6. The state has stepped in the poo, and is now tracking it all over our living room. Whether it is the daily murder and mayhem of our Iraq occupation, the unaffordable, maniacal welfare state, disastrously incompetent state 'response' in defense of our cities (New York on 9-11 and New Orleans last August come to mind), or the ludicrous wars on terror or drugs or illiteracy ' we can all see the government stain, and smell the government stink. The tragic track record of our American government specifically speaks for libertarianism. This terrible record serves to highlight what really works, which is only and always freedom and individual liberty.

5. Our tax system is utterly despised by most Americans ' including the salaried, the working poor and the self-employed. Further good news ' this tax system is ignored or avoided by many. Contempt for funding the state precedes the inevitable state collapse. Even as we speak, the American state can no longer fund its excesses, and has shifted that burden to our grandchildren. This is how the Soviet example fell to its knees, and then came apart at the ragged seams. Our own dollar is going the way of the ruble. The good news is almost everyone in the world realizes this, not just libertarians, and many are already preparing in the wide variety of ways that one prepares for any structural collapse. Find a new place to operate, and get out of the way of the falling timbers. Many Americans are already ahead of the curve in doing this, and it is individualism and libertarianism in action.

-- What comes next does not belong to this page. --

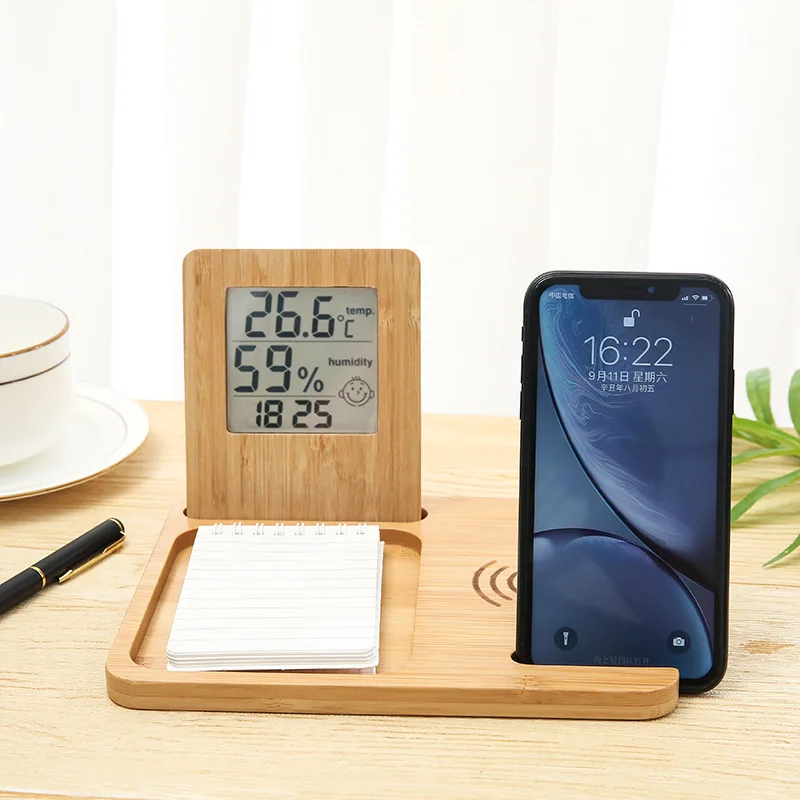 Digital Clock Website With Day And Date Bamboo Desk Clock With Wireless Charger Clock For Iphone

4. Liberty remains a popular word, as are freedom and individualism. While centralized states always seek to own and objectify these words, they defy ownership and refuse to be objectified. They are living words, they inspire, and they particularly inspire the young and the foolhardy and the bold. They always will, and libertarians can always be happy about that.

3. As the state falters, it will seek what the people want, and speak of liberty, and take libertarian ideas as its own. We saw this clearly in the 1960s, and in the late 1970s, when a malaise in America brought the optimistic libertarian rhetoric of Ronald Reagan to the fore. We saw this in the malaise of the late 1990s, when George W. Bush ran in 2000 on what can only be described as libertarian platform of decentralized freedom and small, republican government. Of course, Reagan was never allowed to pursue the slightest dismantling of the state, and it grew massively. Clinton embraced freedom conceptually, even as he adored central planning and the state. His impeachment may have had more to do with his unacceptable accidental constriction of state budgetary flows and military growth than the odd sexual encounter. George W. Bush understood fully the difference between talking like a libertarian and gaining the purple robes of absolutist state power, and has steadily and consistently pursued the latter. But if politicians must all sound like libertarians to be elected, and this has been the case for over 40 years, it may be a sign of an American libertarian base that has become a quiet majority.

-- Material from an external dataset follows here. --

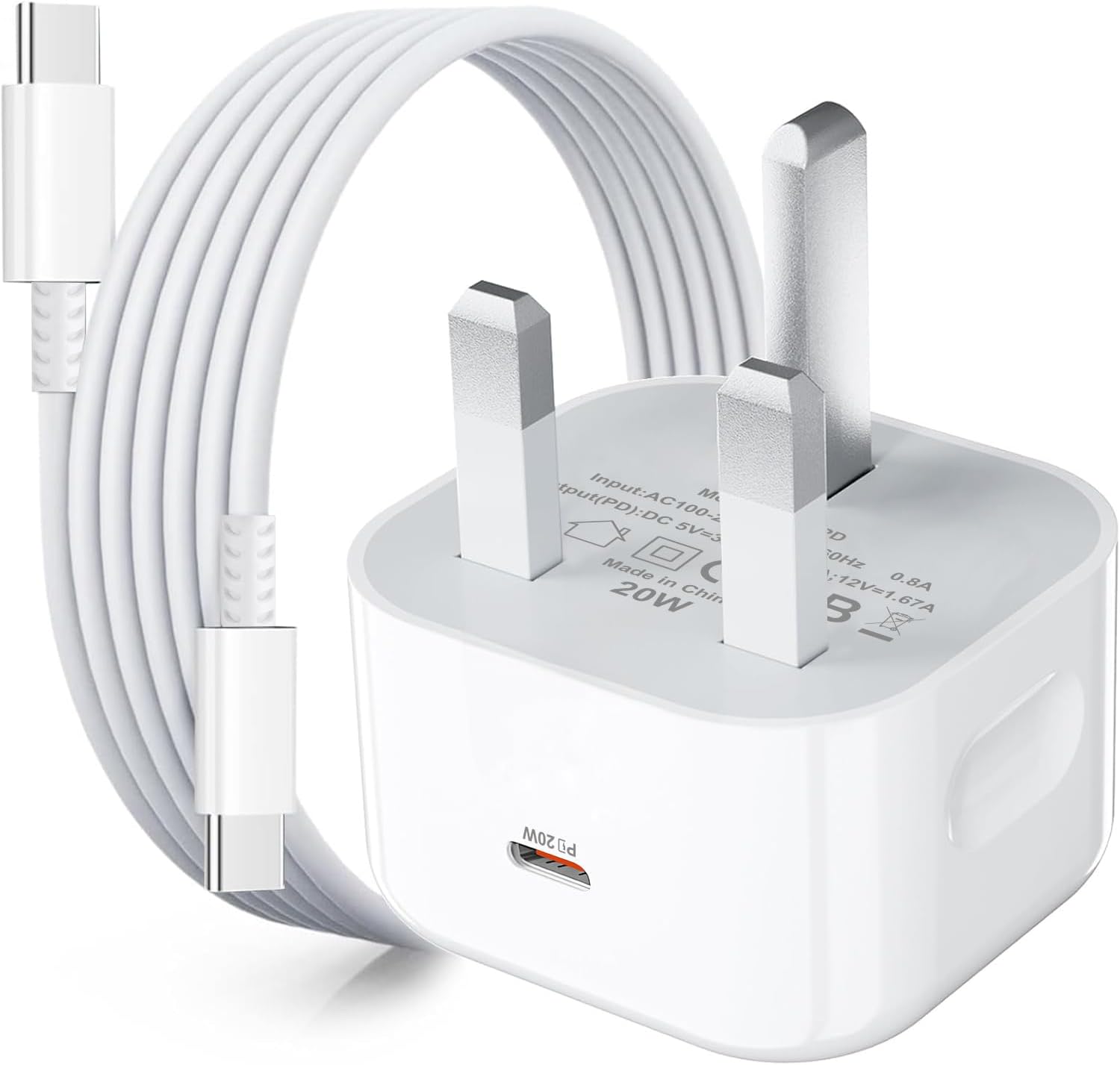 iPhone 15 Charger USB C Charger [MFi Certified] 20W PD Type-C Fast Charging Wall...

2. Freedom works. Central planning doesn't. Americans get this intuitively in their own lives. Increasingly, we realize that it is our own lives that truly matter, and the lives of those we know and love. For this reason, the state today can't recruit its needed public servants or soldiers. For this reason, government contractors and state corporations, while happy to feed at the till, become a major source of cold, hard truth about how government operates, what it does and how poorly it performs. The burning embers of Halliburton and Enron, Blackwater and the Lincoln and Rendon Groups, light the way to a libertarian future.

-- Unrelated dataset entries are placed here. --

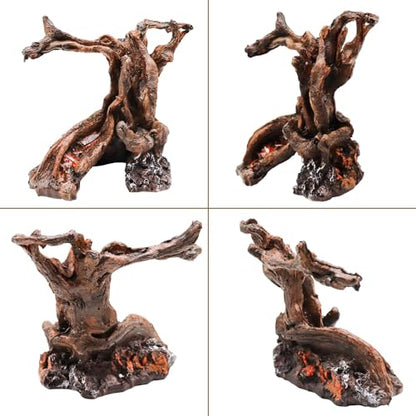 Hermit Crab Climbing Toy, Aquarium Betta Fish Hideout Caves, Resin Tree Trunk Ornament, Tank or Aquarium Decorations, Climbing and Hide Toy for Reptile Lizard Newt Hermit Crab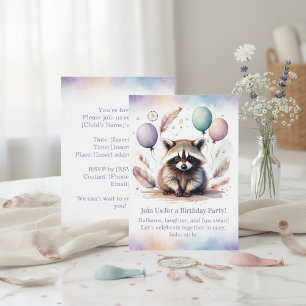 Cute Raccoon Birthday Invitation Woodland Boho 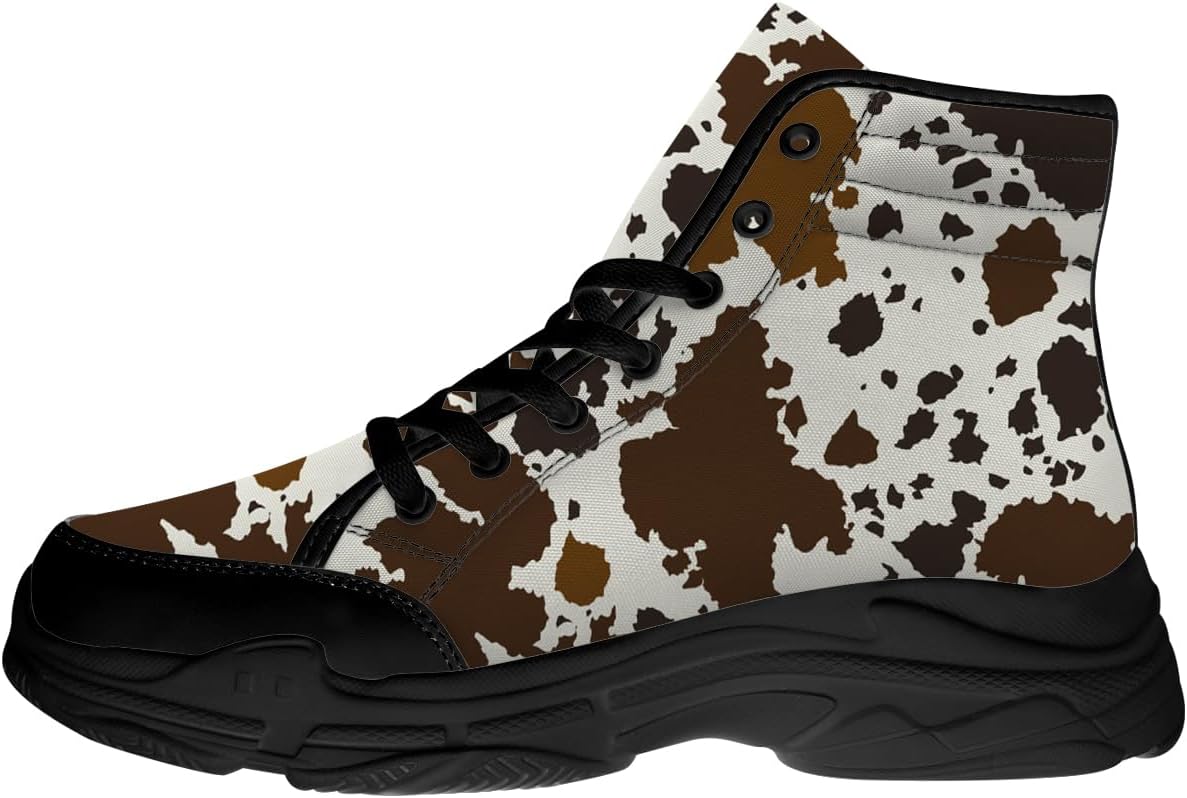 

Кроссовки на высокой подошве с принтом коровы Quorax для женщин и мужчин, с шнуровкой, из хлопка, подарок для нее и для него, бежевый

And the number one reason for libertarians to be optimistic is that liberty and libertarians are both wired for success. As Butler Shaffer reminds us in quoting Terry Pratchett's observation that 'chaos always defeats order because it is better organized.' We live in the real world, and we recognize the fundamental rules of human productivity and community. Thus informed, libertarians appear brave and confident to others. We are not uniquely brave and confident, but we do see the world and human potential with exceptional clarity, and we look upon both without fear. Libertarians have little reason or rationale to greet each new day with anything other than joyful, energetic optimism.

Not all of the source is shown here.